§ **THE DATA**
[Start of section]
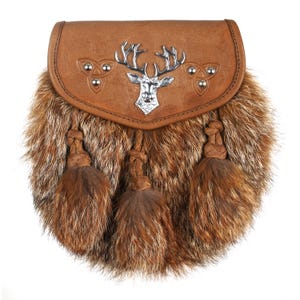 Puede incluir: Una sporran de cuero marr&oacute;n con un emblema de ciervo plateado y ribete de piel. La sporran tiene tres borlas marrones y detalles de nudos celtas. Este accesorio escoc&eacute;s tradicional se usa con un kilt.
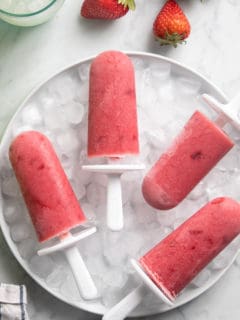 Four strawberry popsicles arranged on a bowl of ice on a marble countertop.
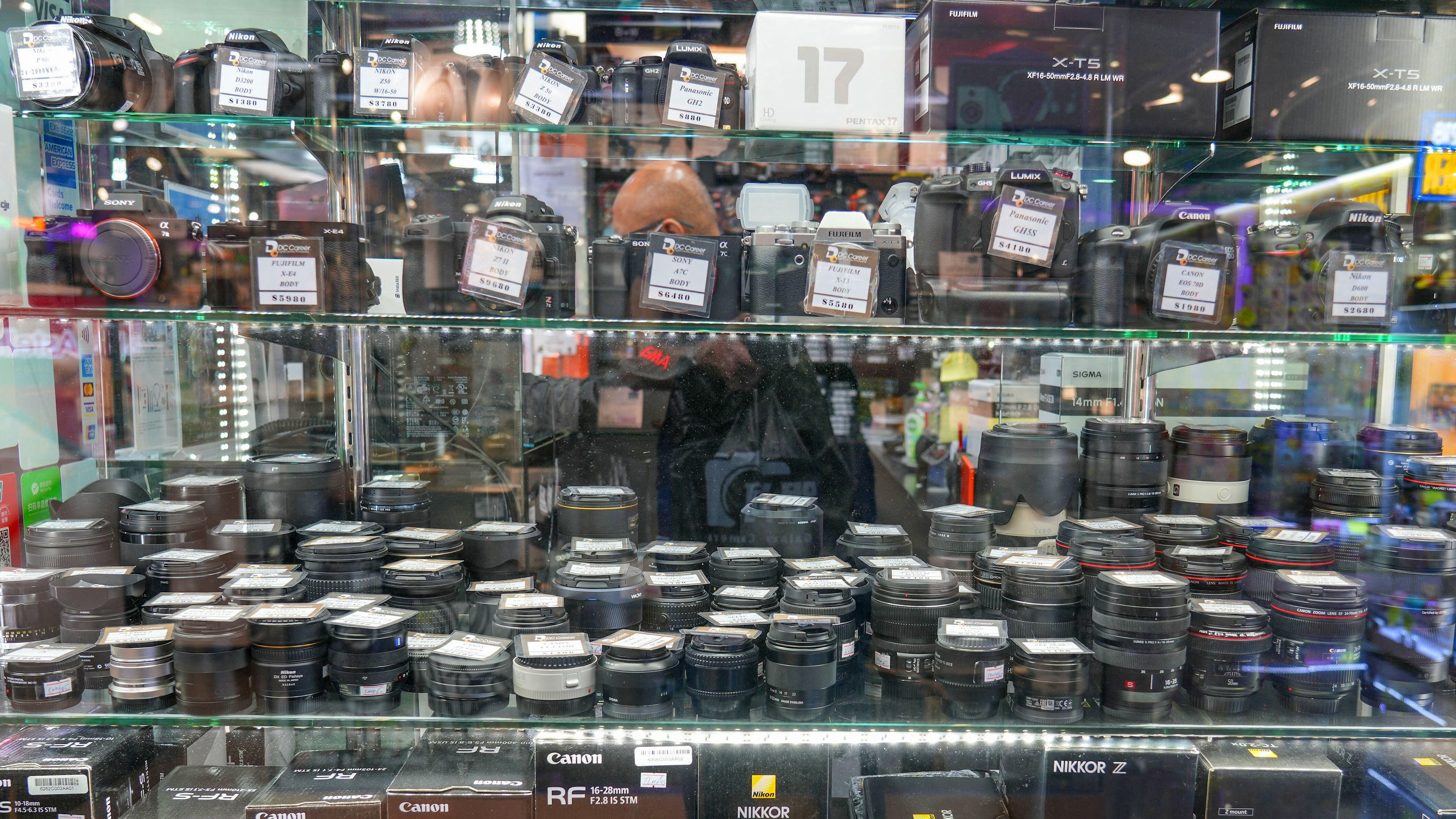 3DG537J HONG KONG, CHINA - NOVEMBER 3, 2025: Lenses in a window of photo equipment shop in Sim City mall specializing in photography equipment in Kowloon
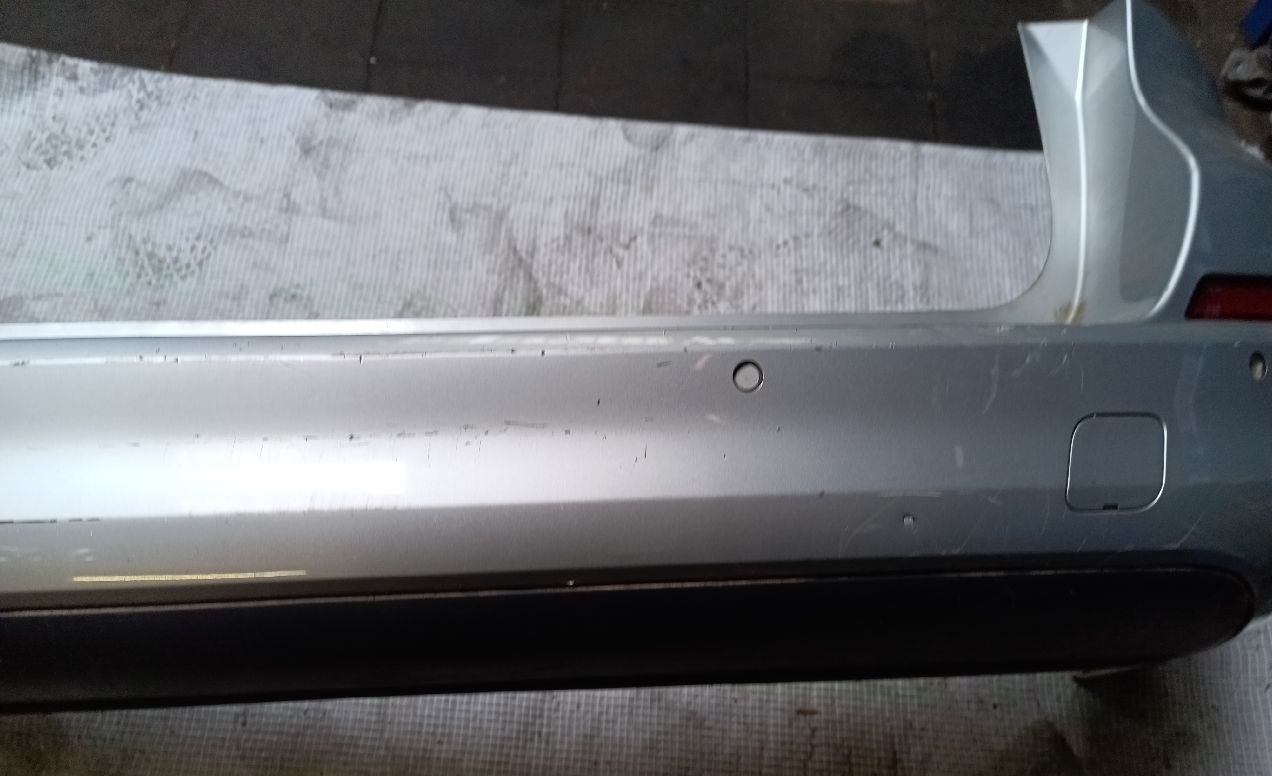 Achterbumper Astra J stationwagen grijs met 4 parkeersensoren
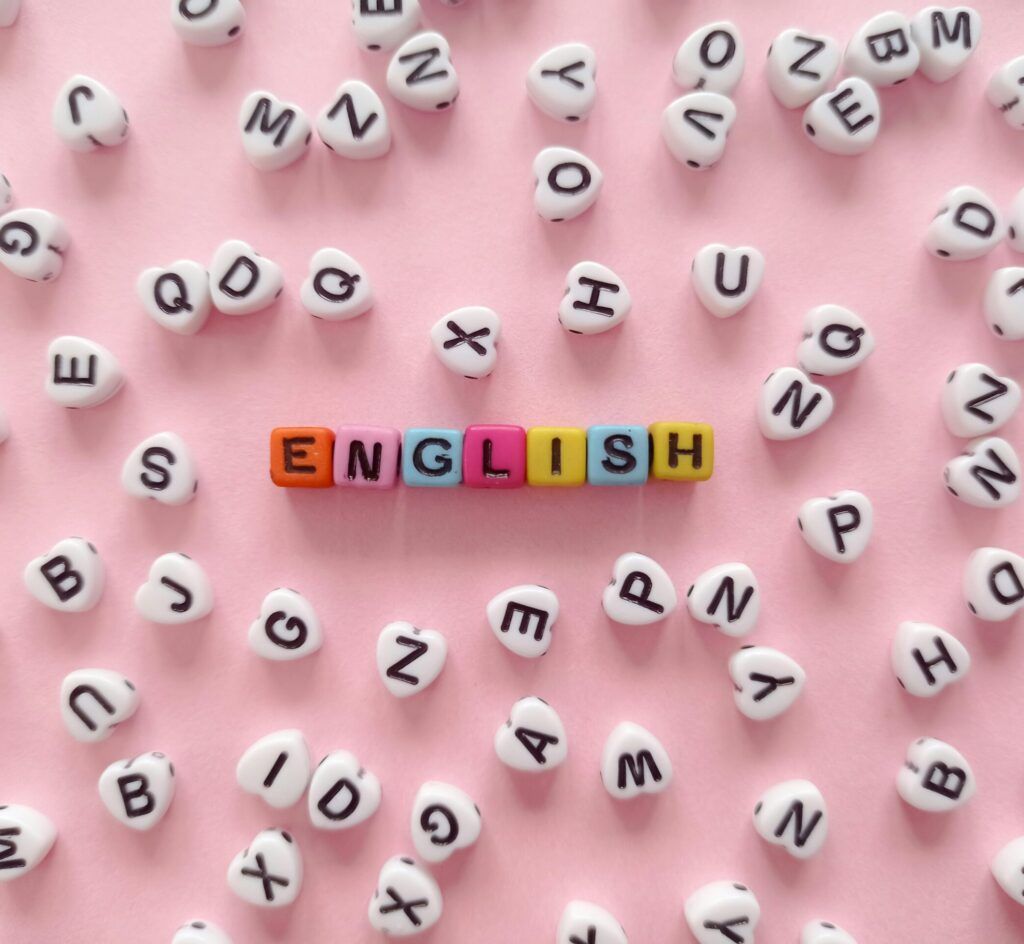 Scattered letter beads form the word 'English' on a pink background, symbolizing language learning.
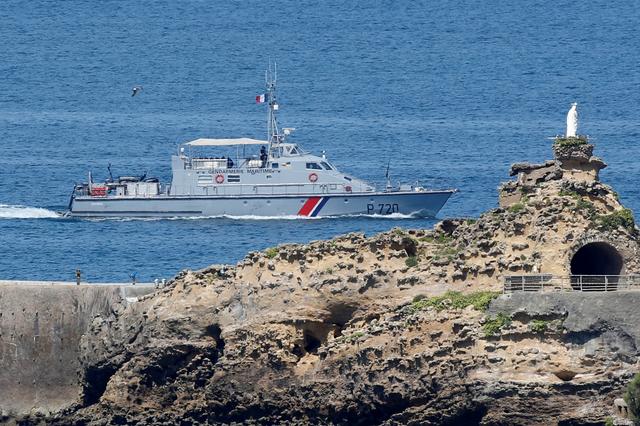 FILE PHOTO: French gendarmes on a boat patrol the coast next to the Virgin's Rock on the eve of the G7 summit in Biarritz, France, August 23, 2019.  REUTERS/Regis Duvignau/File Photo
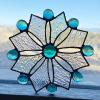 21_ Teal clear itrridized granite snowflake 6" $40
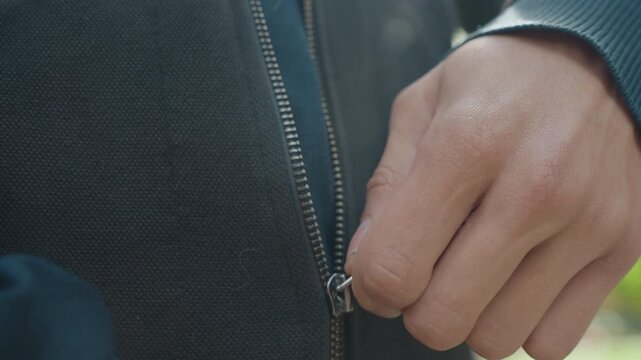 closeup hands fastening zipper on jacket, caucasian man outdoors in park adjusting hoodie during morning routine, steady fingers working slider, textured fabric and metal teeth visible, soft sunlight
[End of section]
Using the data above, retype exactly and only the lines from the one containing "Four strawberry popsicles" up to and including the one containing "Scattered letter beads", with no pictures carried over.

 Four strawberry popsicles arranged on a bowl of ice on a marble countertop.
 3DG537J HONG KONG, CHINA - NOVEMBER 3, 2025: Lenses in a window of photo equipment shop in Sim City mall specializing in photography equipment in Kowloon
 Achterbumper Astra J stationwagen grijs met 4 parkeersensoren
 Scattered letter beads form the word 'English' on a pink background, symbolizing language learning.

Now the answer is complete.